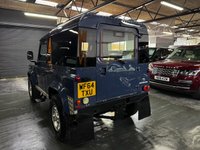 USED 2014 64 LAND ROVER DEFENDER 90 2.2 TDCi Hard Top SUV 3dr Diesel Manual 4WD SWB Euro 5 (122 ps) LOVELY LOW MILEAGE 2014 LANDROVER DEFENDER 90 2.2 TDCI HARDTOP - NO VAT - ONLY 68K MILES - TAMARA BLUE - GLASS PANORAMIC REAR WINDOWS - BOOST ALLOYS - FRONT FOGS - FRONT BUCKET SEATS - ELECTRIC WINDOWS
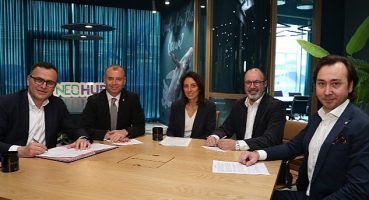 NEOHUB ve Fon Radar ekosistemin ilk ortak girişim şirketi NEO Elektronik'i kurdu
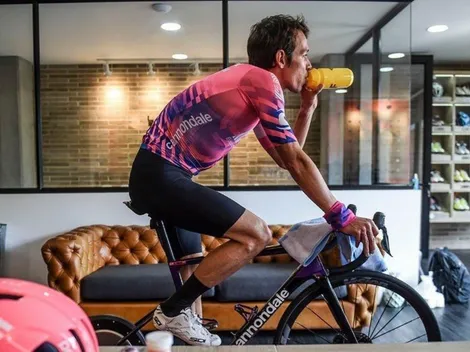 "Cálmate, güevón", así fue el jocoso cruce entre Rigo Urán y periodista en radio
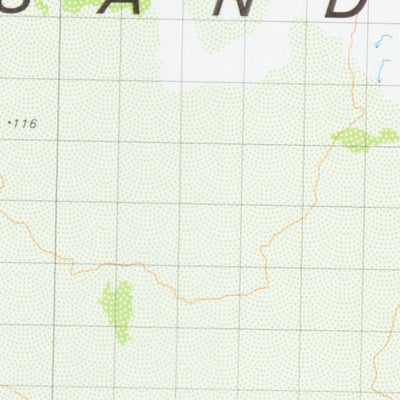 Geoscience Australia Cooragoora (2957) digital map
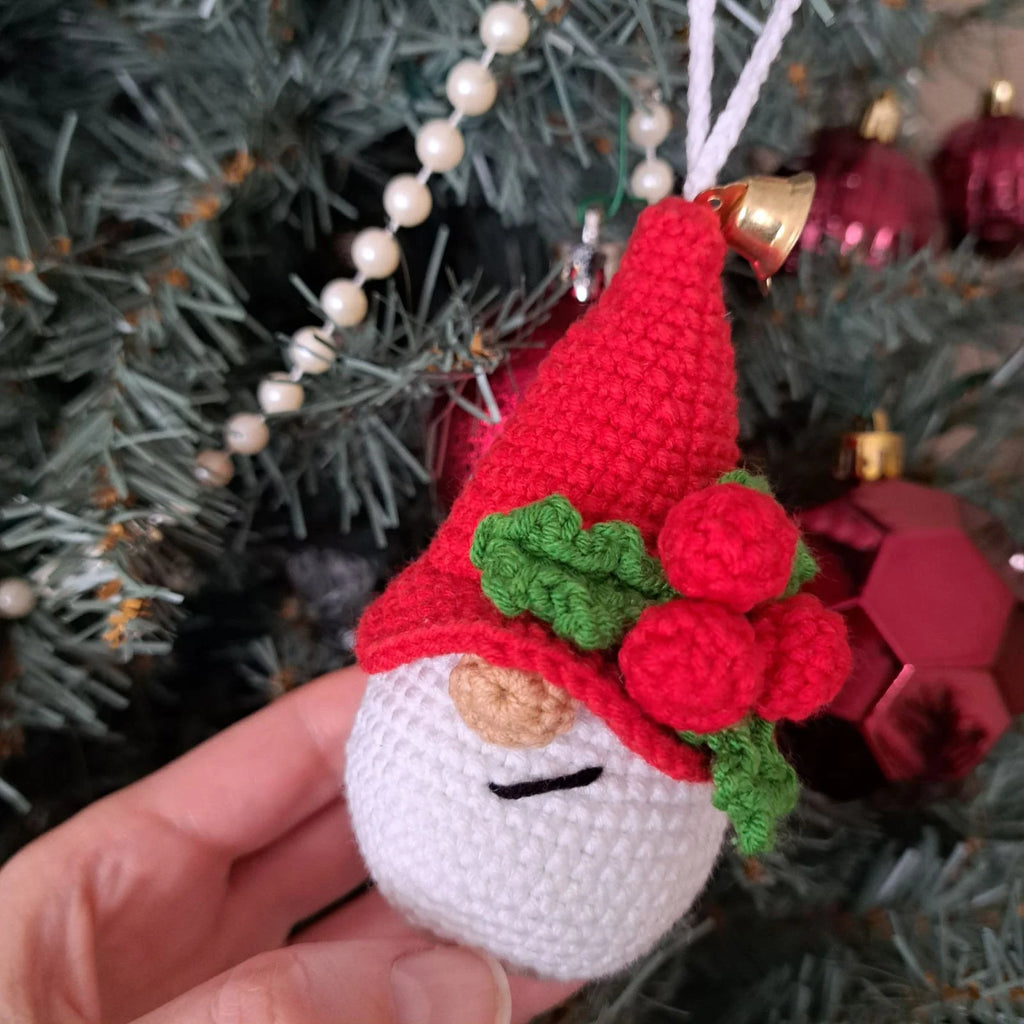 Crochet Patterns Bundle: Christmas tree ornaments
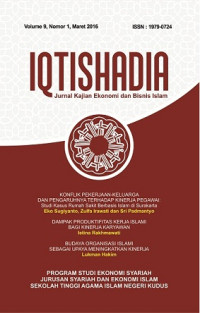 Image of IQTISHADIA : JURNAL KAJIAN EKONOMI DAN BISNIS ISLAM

Exercise requirements:
Reproduce word for word only the lines between the line containing "Crochet Patterns Bundle: Christmas" and the end of the listing above, both included, and drop any pictures.

Result:
 Crochet Patterns Bundle: Christmas tree ornaments
 Image of IQTISHADIA : JURNAL KAJIAN EKONOMI DAN BISNIS ISLAM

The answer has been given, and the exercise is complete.